SOURCE INFORMATION:
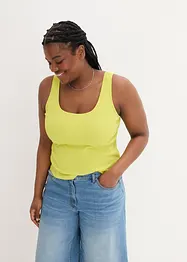 Ribbet topp av 100% bomull, bonprix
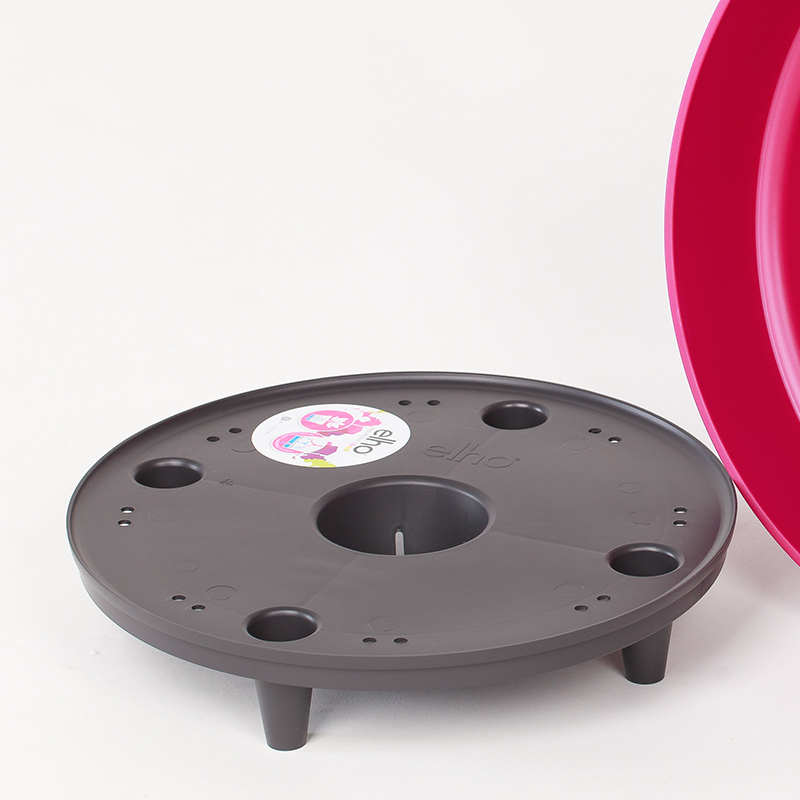 elho花盆高筒盆栽盆器创意个性塑料花盆大号家用加厚落地内待托盘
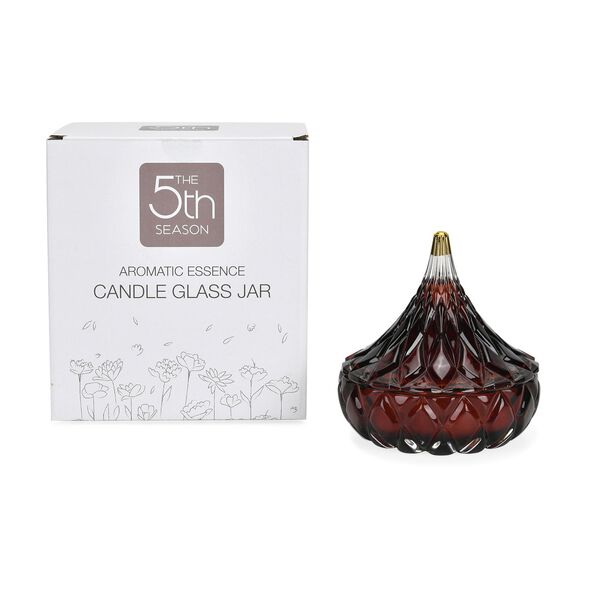 The 5th Season: Premium Kollektion Duftkerze im orientalischem Glas, 20h Brenndauer, Dunkelrot image number 6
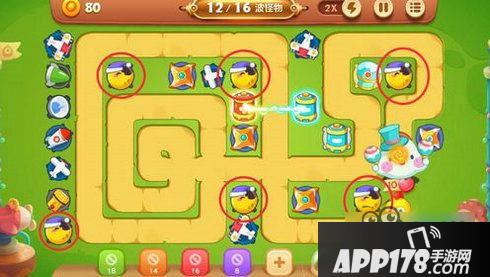 保卫萝卜3燃爆新春8关金萝卜怎么打 新春地图8关攻略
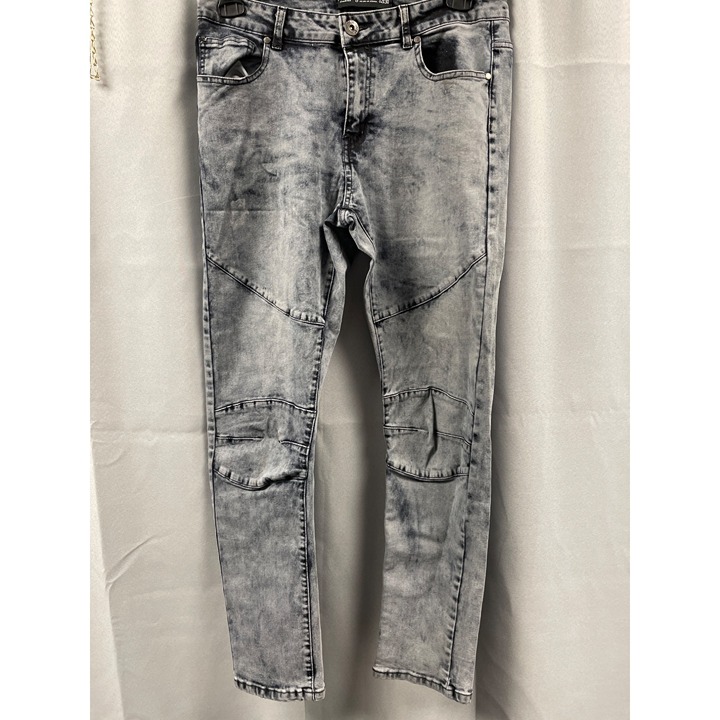 Seven Souls Men's Gray wash Jeans stretch skinny size 32 x 30 SKU 4935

DIRECTIONS: Reproduce verbatim every line starting at the line that holds "elho花盆高筒盆栽盆器创意个性塑料花盆大号家用加厚落地内待托盘" and ending with the final line of the data; omit the pictures.

RESPONSE AREA:
 elho花盆高筒盆栽盆器创意个性塑料花盆大号家用加厚落地内待托盘
 The 5th Season: Premium Kollektion Duftkerze im orientalischem Glas, 20h Brenndauer, Dunkelrot image number 6
 保卫萝卜3燃爆新春8关金萝卜怎么打 新春地图8关攻略
 Seven Souls Men's Gray wash Jeans stretch skinny size 32 x 30 SKU 4935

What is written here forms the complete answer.